Lourdes erreichen wir über eine etwas stärker befahrene Straße. Ich kenne sie von der letzten Etappe der Pyrenäen-Klassiker 2014, die noch in Lannemezan geendet hat. Unter der Hitze der damaligen, sehr harten, eigentlich zu harten Abschlussetappe haben wir heute nicht zu leiden. Es hat sich wieder zugezogen, und ich ziehe mir meine Ärmlinge an, weil es frisch ist, und weil ich schon krank genug bin. Seit Donnerstag bin ich erkältet, und ich werde in Luz-St-Sauveur in das Begleitfahrzeug steigen. Erstmals.
Ab Lourdes befahren wir für einige Kilometer den Voie Verte des Gaves, einen Radweg auf einer ehemaligen Radtrasse. Natürlich haben wir mit ein paar Pollern zu kämpfen, aber mir gefällt die Streckenführung entlang der Gave de Pau dennoch gut. For Boô wechseln wir für einige Kilometer auf die äußerst schmale D13. Kurz vor La Lanne ist es dann mit der Ruhe vorbei, denn die letzten Kilometer bis Luz-Saint-Sauveur müssen wir auf die D 913, auf der der Verkehr deutlich stärker ist und uns vom Genuss der schönen Schluchtstrecke abhält.
Ich erinnere mich an 2014, als ich in der rasant absolvierten Gegenrichtung noch dachte: "gut, dass wir hier runter fahren". Aber auch dieser Abschnitt ist letztlich problemlos absolviert. Und
jetzt befinden wir uns auch wirklich mitten in den Pyrenäen. Die plötzlich massiv auftretenden "Non à l'ours"-Schriftzüge an den Häusern und auf den Straßen beweisen es.
Tja, und hier endet mein aktiver Part für heute. Schon bis hier war ich schon gedopt unterwegs: Christoph hatte mich mit Pseudo-Ephidrin ausgestattet, und die 1400 Höhenmeter auf 18 km möchte ich mir in dem Zustand nicht antun. Schließlich muss ich noch ein paar Tage durchhalten. Kaum haben wir uns am Straßenrand postiert, um mich ausscheren zu lassen, kommt auch schon Thomas mit dem Begleitfahrzeug vorgefahren. Perfektes Timing!
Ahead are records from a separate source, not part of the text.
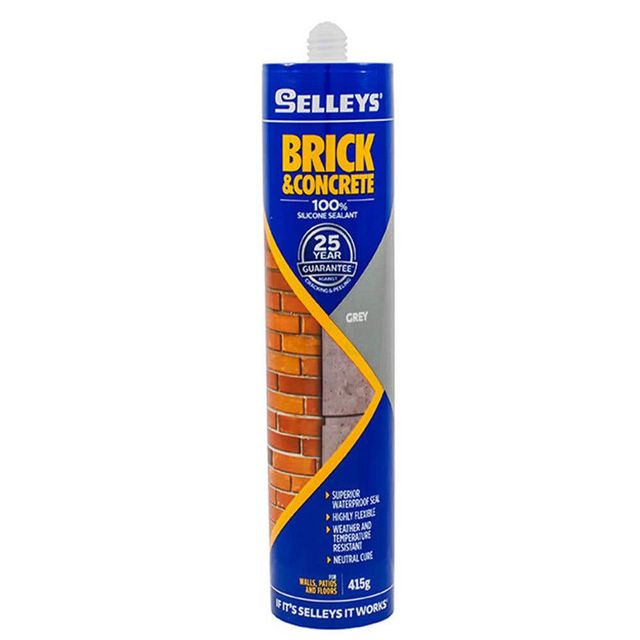 Selleys Brick & Concrete Silicone 415g
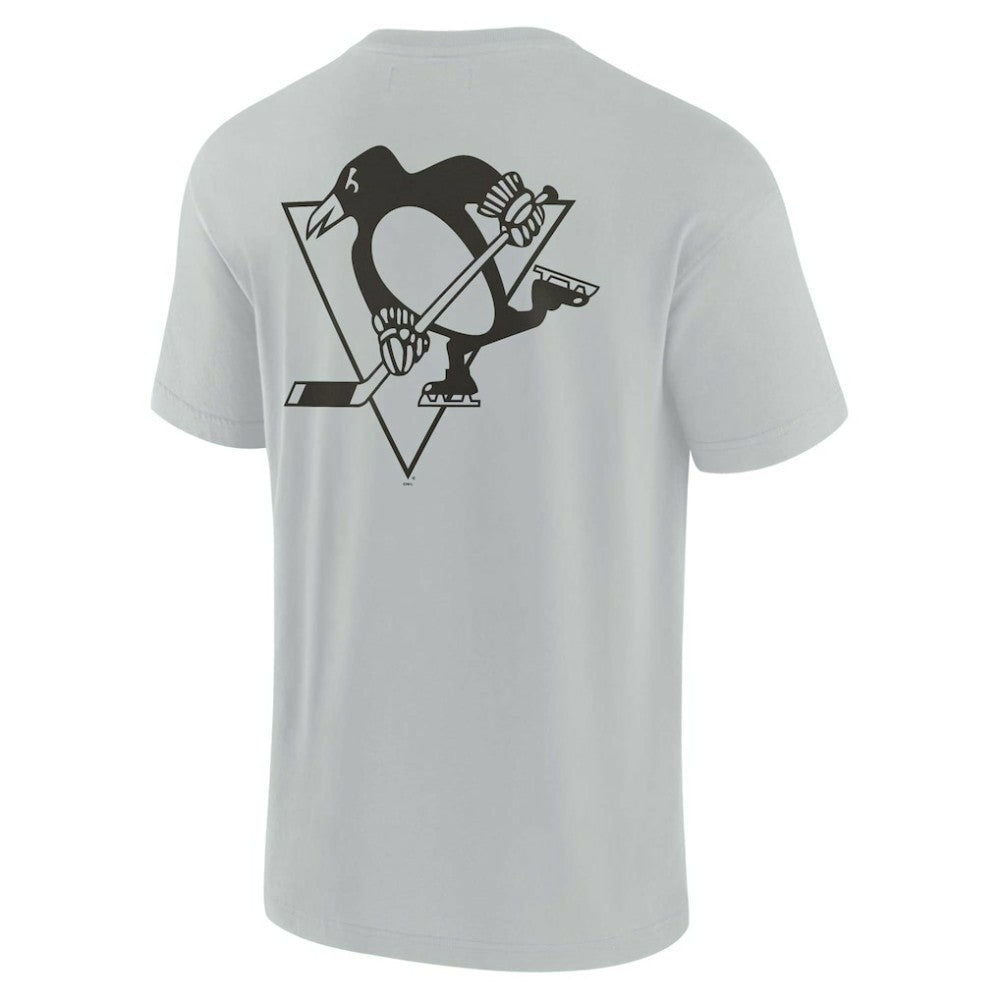 Pittsburgh Penguins Fanatics Unisex Elements Super Soft Short Sleeve T-Shirt - Gray | Fanatics on sale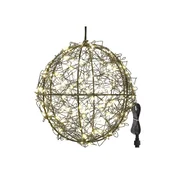 LED božična krogla spojni – 200 LED-diod, za notranjo in zunanjo uporabo, WW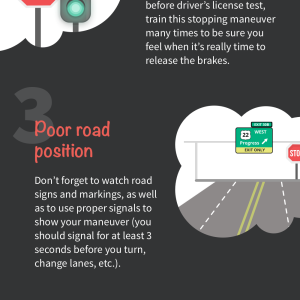 Driving Test Tips: 5 Common Mistakes When You Start Driving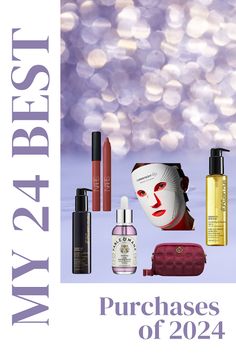 My 24 Best Purchases of 2024 - The Blondissima Lips Peeling, Overnight Hairstyles, Marine Colors, Scalp Oil, Best Mysteries, Luxury Belts, Rosé Brown, White Fleece, Carry On Suitcase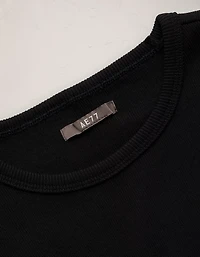 AE77 Heavyweight Ribbed T-Shirt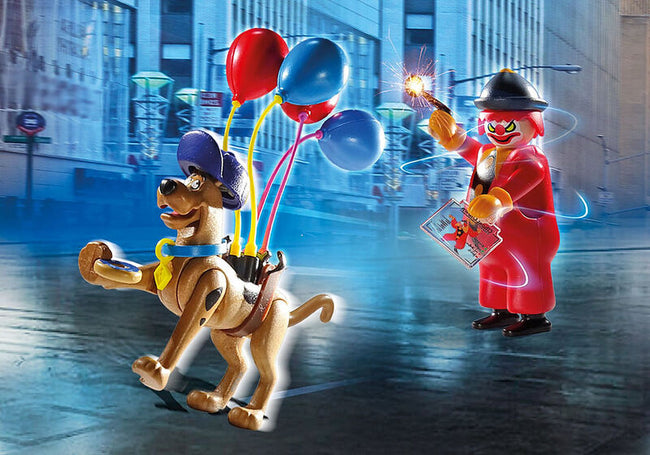 Playmobil 70710 scooby-doo! aventura con payaso fantasma Main Image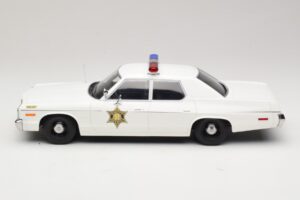 Dodge Monaco Hazzard County Rendőrség KK-Scale 1:18 KKDC181152 Fém – 3. kép a 6-ből
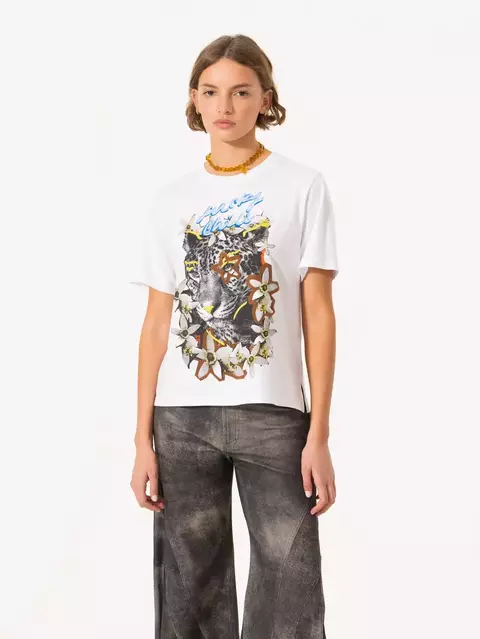 REMERA TIGER (JAZMIN CHEBAR) - comprar online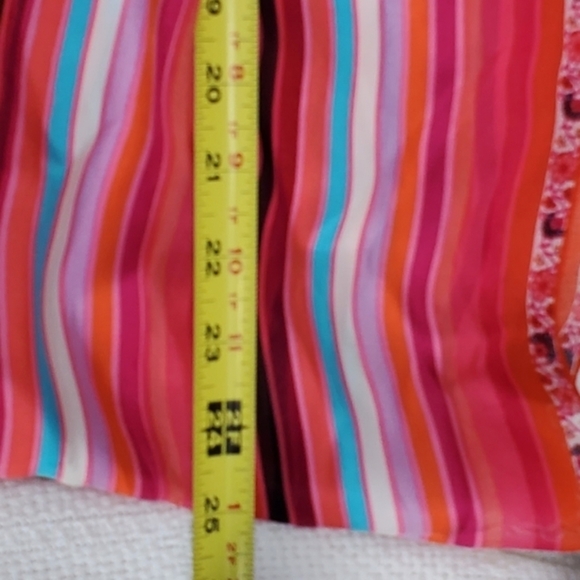 Adrienne Landau‎ Paisley Silk vintage  scarf - Picture 4 of 7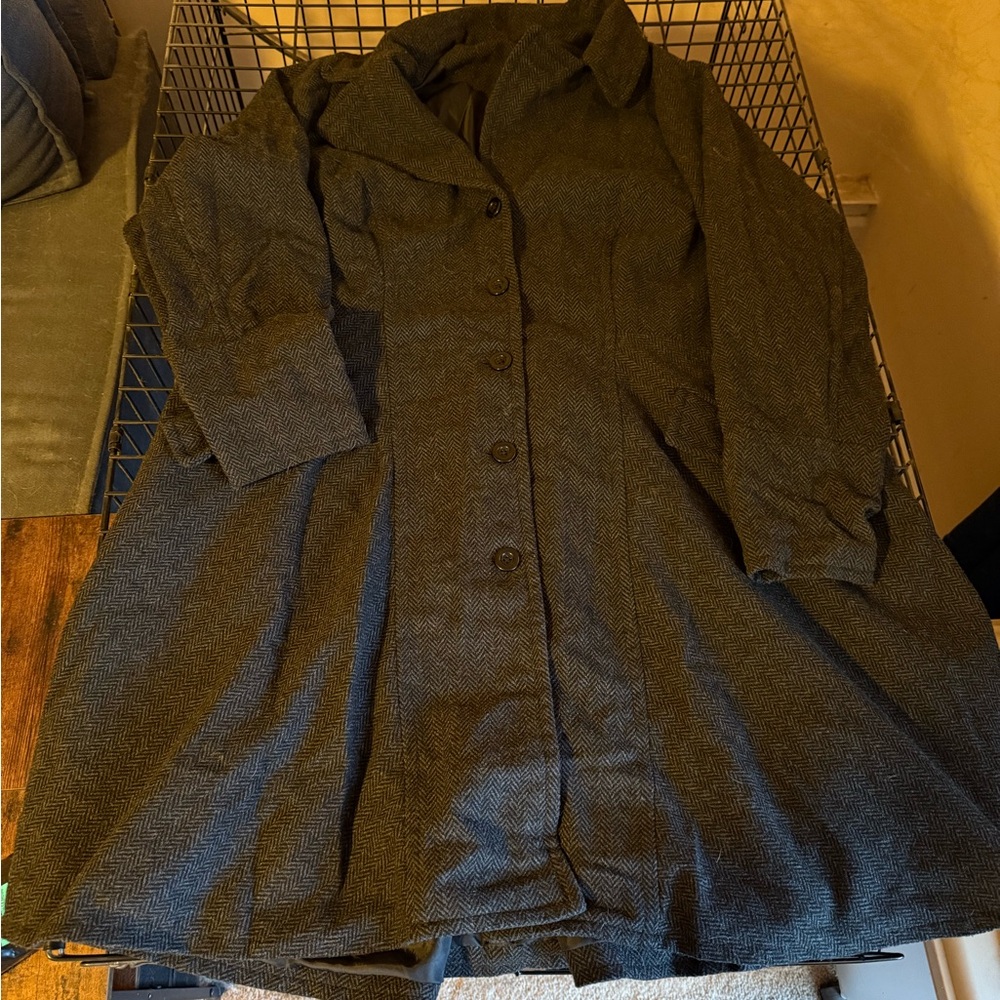 Torrid winter pea coat size 4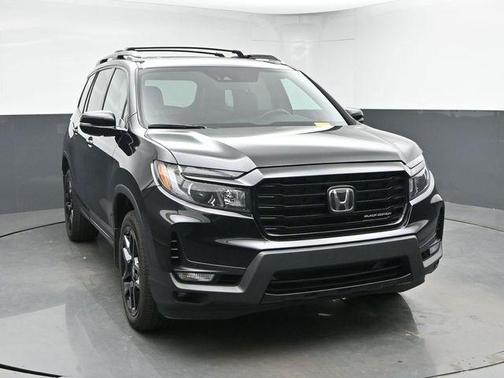 Black 2024 Honda Passport Black Edition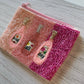 Rose All Day Beaded Pouch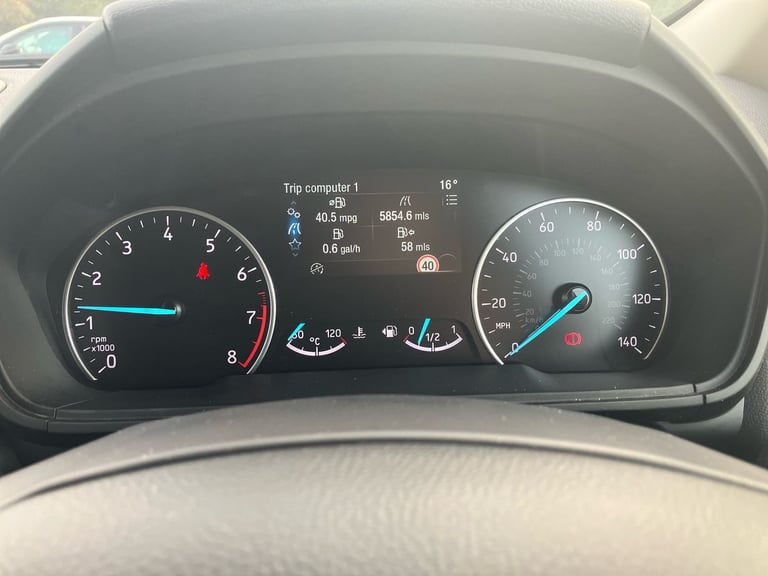 2022 Ford Ecosport 1.0 EcoBoost 125 Titanium 5dr Hatchback Petrol Manual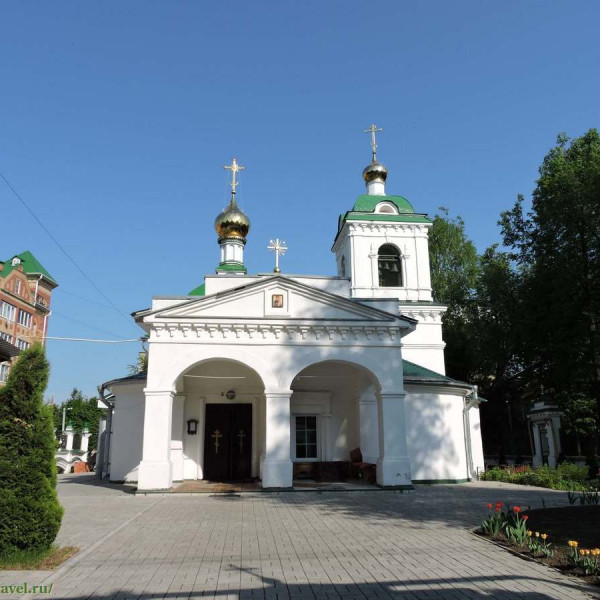 Церковь Тихвинской иконы Божией Матери
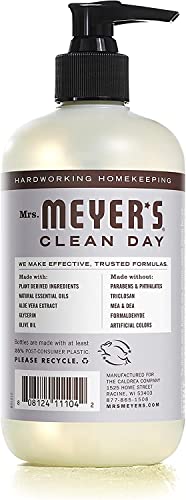 MRS. MEYER'S CLEAN DAY 1 Hand Soap, 1 Refill Variety Pack Scent (Lavender)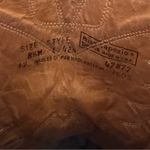 Vintage Miss Capezio Beige Blue Butterfly Leather Cowboy Boots Britney Spears Tan Size 8.5 Photo 16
Im Begleitfahrzeug ist die monumentale Westrampe des Tourmalet erstaunlicherweise ein Kinderspiel. Thomas drückt aufs Gas, und schon sind wir (nach zwei Fotostopps) auf der Passhöhe, wo nach und nach die Recken eintreffen: Stefan hat ordentlich Druck gemacht und die sportive Gruppe gesprengt, und so zieht sich der Einmarsch der Gladiatoren über eineinhalb Stunden hin. Es ist empflindlich kalt hier oben, und so wird der Mittagsstopp kurzerhand ins Tal verlegt. Reini schreibt noch eine SMS aus der Abfahrt, dass sich alle ordentlich anziehen sollen - es sei arschkalt, auch wenns auf der Passhöhe mit 12 Grad noch völlig in Ordnung ist. Und so zieht sich der Rest alles an was geht. In Ste-Marie-de-Campan halten Thomas und ich nochmals an, um die überschüssige Kleidung wieder aufzunehmen, und dann machen wir uns (fast) auf dem schnellsten Weg nach Saint Lary de Soulan, unserem Etappenziel. Über den Aspin fahren wir aber, denn die Abfahrt gehört wirklich zu den schönsten der gesamten Pyrenäen, und die lassen wir uns nicht von der Abkürzung über den (auch sehr netten) Hourquette d'Ancizan nehmen.
Das Hotel in Saint Lary erreichen wir drei Minuten nach der sportiven Gruppe - nochmals perfekt getimet.
Mittlerweile ist auch die entspannte Gruppe eingetroffen. Jetzt Wellness und aufs Abendessen warten.
Hoffentlich bin ich morgen fit genug, wenigstens den
Alto de Fanlo zu fahren. Denn der ist der Anlass der Reise. Drückt mir die Daumen. Und den Teilnehmern, dass sie morgen wieder zwei Guides haben.
Ursprüngliche Etappenbeschreibung
Dass in dieser Reise neben den Pyrenäen-Geheimtipps auch die Klassiker nicht zu kurz kommen, beweisen wir gleich auf der ersten Etappe: mit dem Col du Tourmalet und dem Col d'Aspin werden gleich zwei der größten Tour-de-France-Klassiker befahren. Erst morgen verlassen wir die "ausgetretenen" Pfade der Pyrenäen und wenden uns den Geheimtipps zu. Der heutige Tag bietet sich also an, sich ein gewisses Klassiker-Polster anzufressen, was wir in den nächsten vier Tagen aufbrauchen können. Erst an Tag Sechs erreichen wir mit dem Col du Marie-Blanque und dem Col d'Aubisque wieder Klassiker-Terrain.
Der Tourmalet wird dabei erstmals im Rahmen einer quaeldich-Reise über die schönere und anspruchsvollere Westseite befahren, so dass wir durch den wenig anheimelnden Ski-Retortenort La Mongie auf der Ostseite in der Abfahrt hindurch rauschen können. Nach der herrlichen Abfahrt vom Aspin steigen wir noch sanft 13 km im Tal an, um hernach in Saint-Lary-Soulan in unser Vier-Sterne-Hotel einchecken zu können.